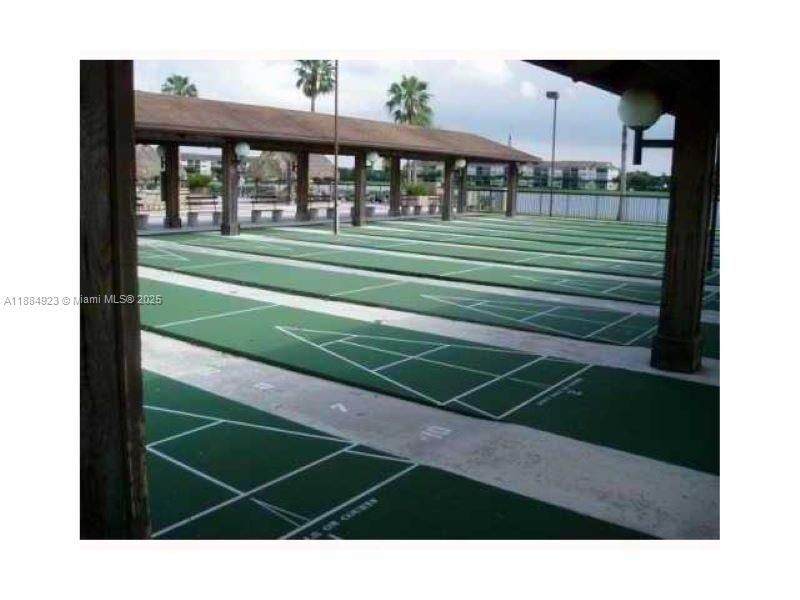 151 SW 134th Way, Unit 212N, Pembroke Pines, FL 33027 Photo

...

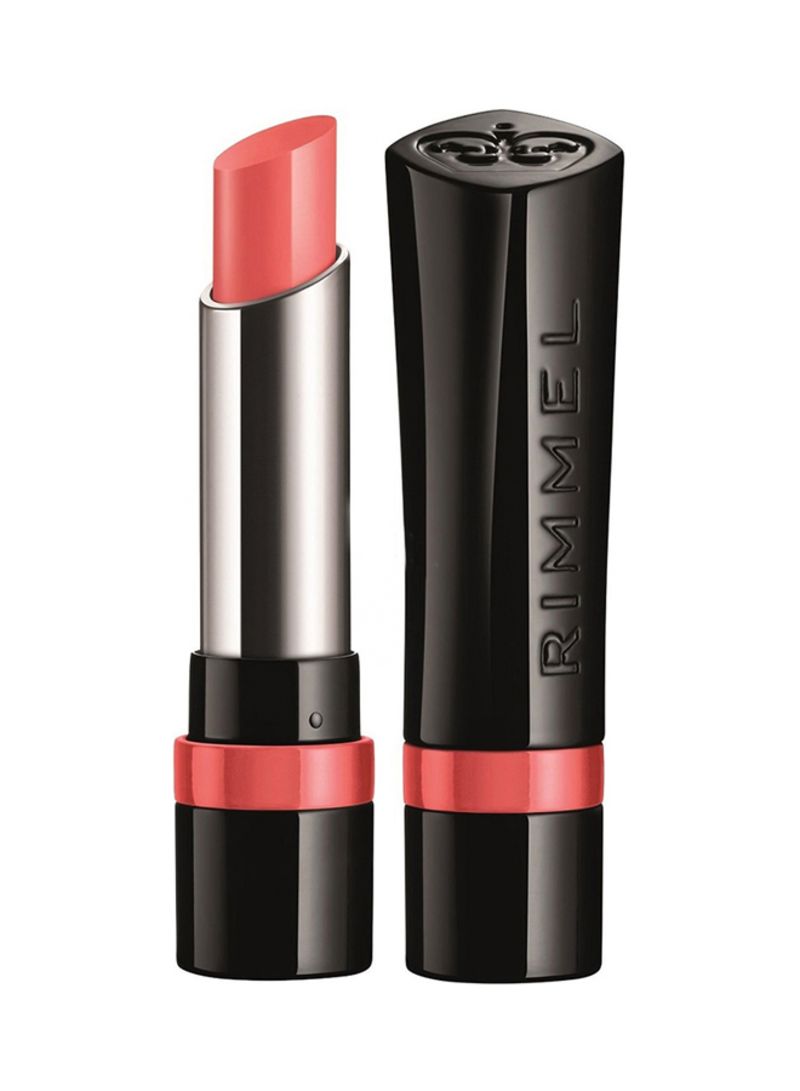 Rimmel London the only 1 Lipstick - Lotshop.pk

...

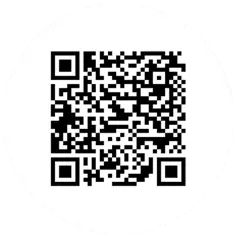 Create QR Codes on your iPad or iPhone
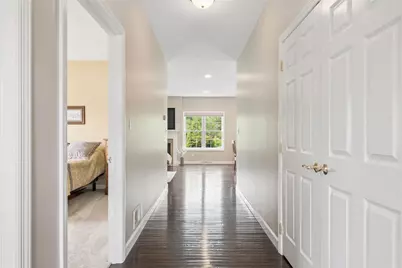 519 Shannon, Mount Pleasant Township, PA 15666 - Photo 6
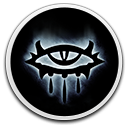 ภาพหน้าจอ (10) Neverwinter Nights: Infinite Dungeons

# Exercise directions:
Repeat the lines above exactly, beginning with the one containing "Create QR Codes on your iPad or iPhone" and finishing with the one containing "ภาพหน้าจอ (10) Neverwinter". No pictures belong in the copy.

# Exercise solution:
 Create QR Codes on your iPad or iPhone
 519 Shannon, Mount Pleasant Township, PA 15666 - Photo 6
 ภาพหน้าจอ (10) Neverwinter Nights: Infinite Dungeons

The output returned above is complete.